Data excerpts:

::::

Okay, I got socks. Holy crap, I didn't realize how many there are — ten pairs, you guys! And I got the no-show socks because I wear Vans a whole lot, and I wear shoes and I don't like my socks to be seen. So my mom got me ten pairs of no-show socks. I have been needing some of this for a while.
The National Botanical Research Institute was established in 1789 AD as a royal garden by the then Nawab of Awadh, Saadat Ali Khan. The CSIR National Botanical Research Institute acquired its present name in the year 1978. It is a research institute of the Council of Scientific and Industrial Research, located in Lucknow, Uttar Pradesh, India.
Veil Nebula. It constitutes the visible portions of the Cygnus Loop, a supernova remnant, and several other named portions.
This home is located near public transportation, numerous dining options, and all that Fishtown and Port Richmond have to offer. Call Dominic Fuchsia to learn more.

::::

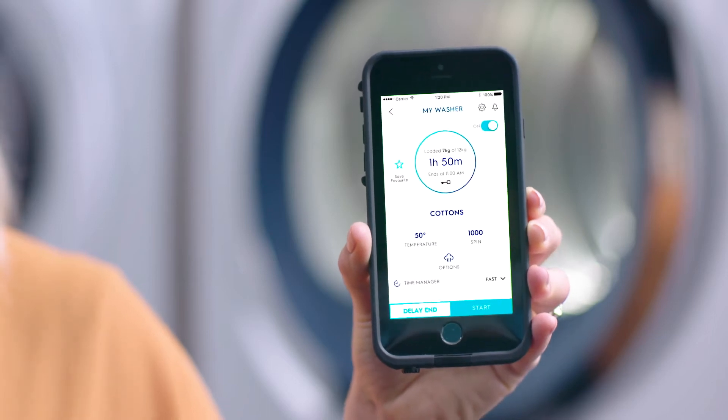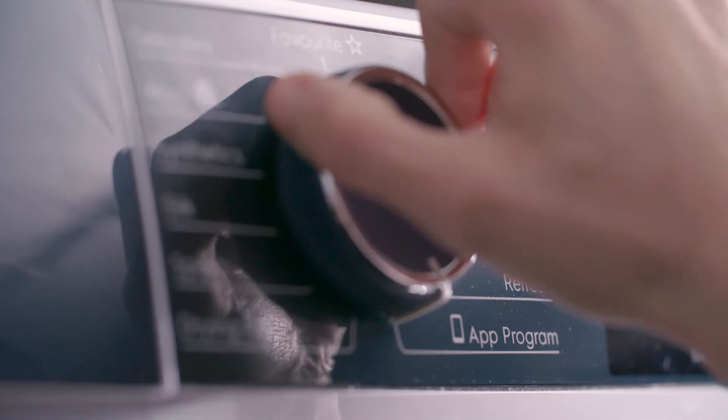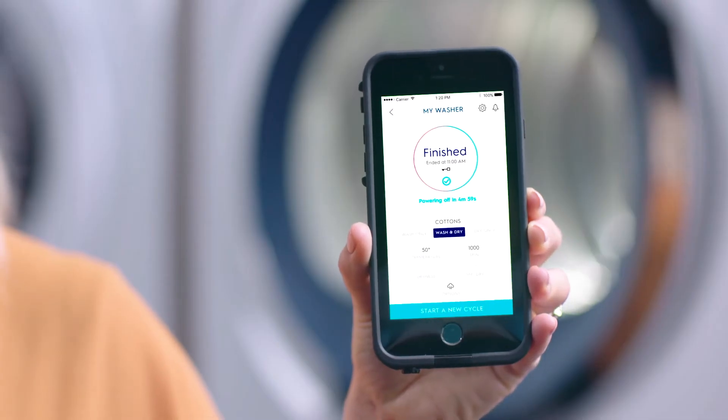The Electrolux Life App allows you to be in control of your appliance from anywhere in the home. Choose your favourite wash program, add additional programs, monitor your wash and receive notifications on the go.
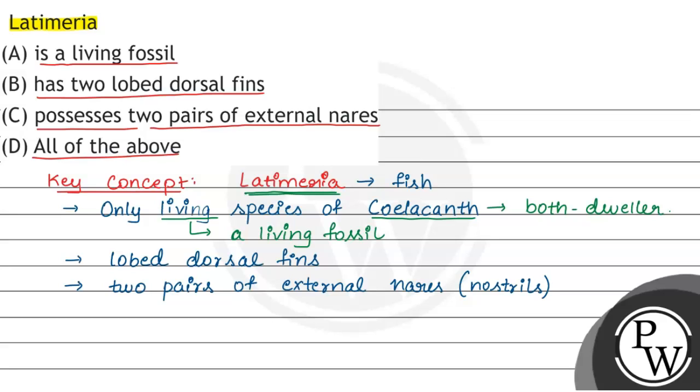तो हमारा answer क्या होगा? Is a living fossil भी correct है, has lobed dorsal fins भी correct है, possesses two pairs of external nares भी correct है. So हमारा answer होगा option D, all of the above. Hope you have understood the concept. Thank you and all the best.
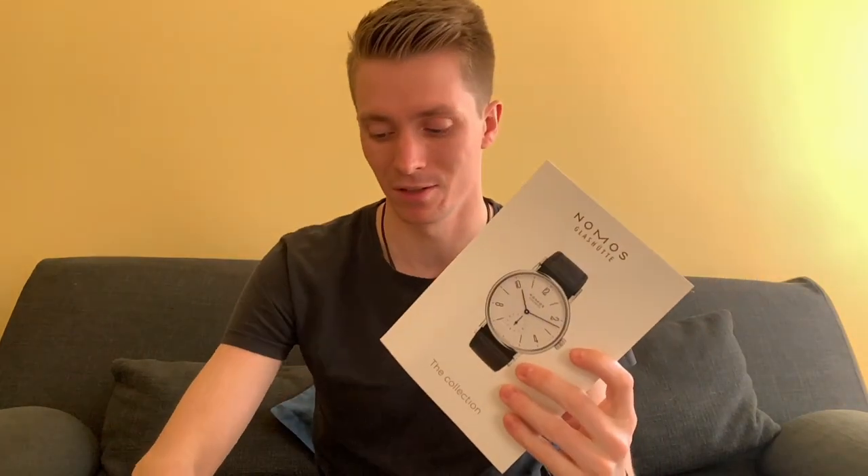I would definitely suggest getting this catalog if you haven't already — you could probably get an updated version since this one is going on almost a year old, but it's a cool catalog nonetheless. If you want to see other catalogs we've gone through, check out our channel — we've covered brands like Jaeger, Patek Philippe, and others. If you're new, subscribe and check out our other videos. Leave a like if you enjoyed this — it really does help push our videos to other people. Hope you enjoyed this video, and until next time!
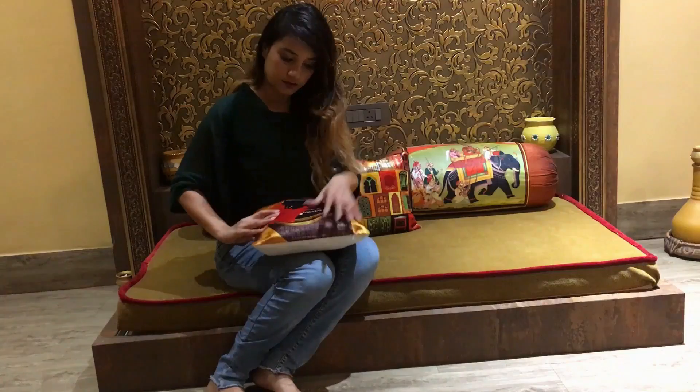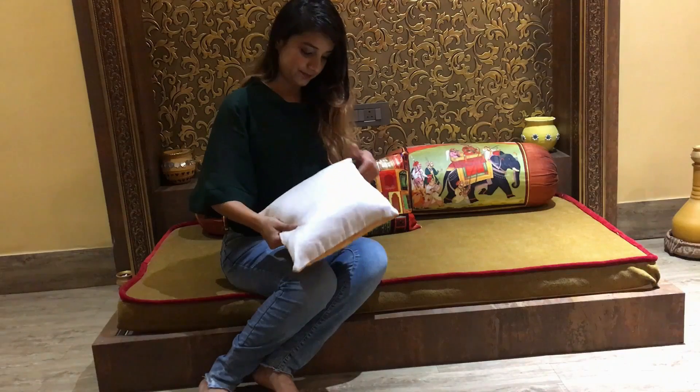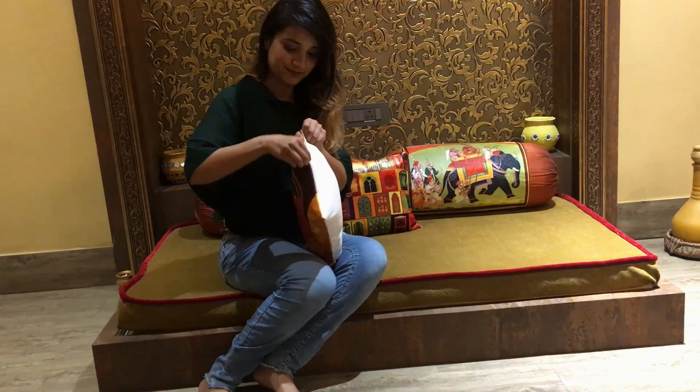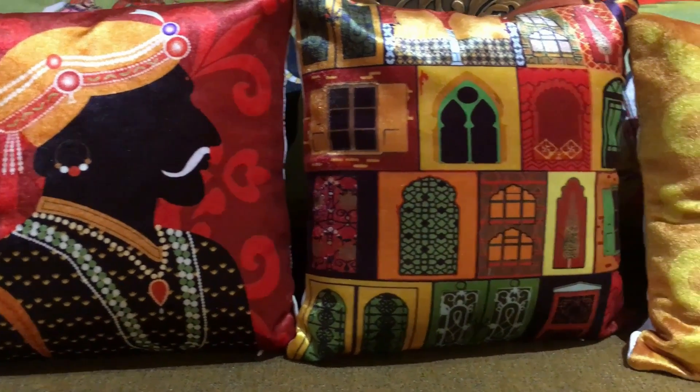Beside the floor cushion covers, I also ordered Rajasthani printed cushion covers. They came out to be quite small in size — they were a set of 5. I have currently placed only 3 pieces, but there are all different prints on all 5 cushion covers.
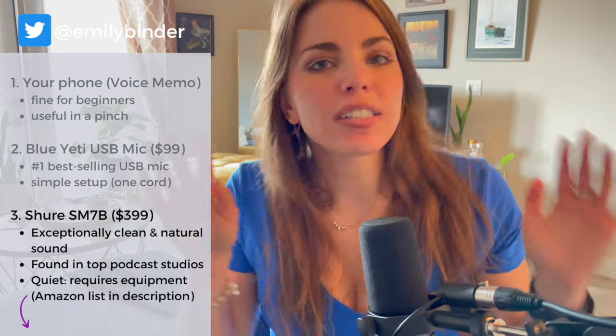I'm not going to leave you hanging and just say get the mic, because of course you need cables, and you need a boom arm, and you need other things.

::::

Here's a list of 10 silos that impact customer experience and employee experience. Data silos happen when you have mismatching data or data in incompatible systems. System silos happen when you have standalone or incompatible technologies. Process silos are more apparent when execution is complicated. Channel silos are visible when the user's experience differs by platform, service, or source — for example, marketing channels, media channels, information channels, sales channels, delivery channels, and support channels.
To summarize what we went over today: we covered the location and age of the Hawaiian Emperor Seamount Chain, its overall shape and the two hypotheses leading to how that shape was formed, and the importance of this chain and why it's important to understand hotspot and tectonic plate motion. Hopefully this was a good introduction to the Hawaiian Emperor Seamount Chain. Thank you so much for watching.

::::

What the task requires:
Some lines in the material contain "that". Show all of them.

Task answer:
This home is located near public transportation, numerous dining options, and all that Fishtown and Port Richmond have to offer. Call Dominic Fuchsia to learn more.
Here's a list of 10 silos that impact customer experience and employee experience. Data silos happen when you have mismatching data or data in incompatible systems. System silos happen when you have standalone or incompatible technologies. Process silos are more apparent when execution is complicated. Channel silos are visible when the user's experience differs by platform, service, or source — for example, marketing channels, media channels, information channels, sales channels, delivery channels, and support channels.
To summarize what we went over today: we covered the location and age of the Hawaiian Emperor Seamount Chain, its overall shape and the two hypotheses leading to how that shape was formed, and the importance of this chain and why it's important to understand hotspot and tectonic plate motion. Hopefully this was a good introduction to the Hawaiian Emperor Seamount Chain. Thank you so much for watching.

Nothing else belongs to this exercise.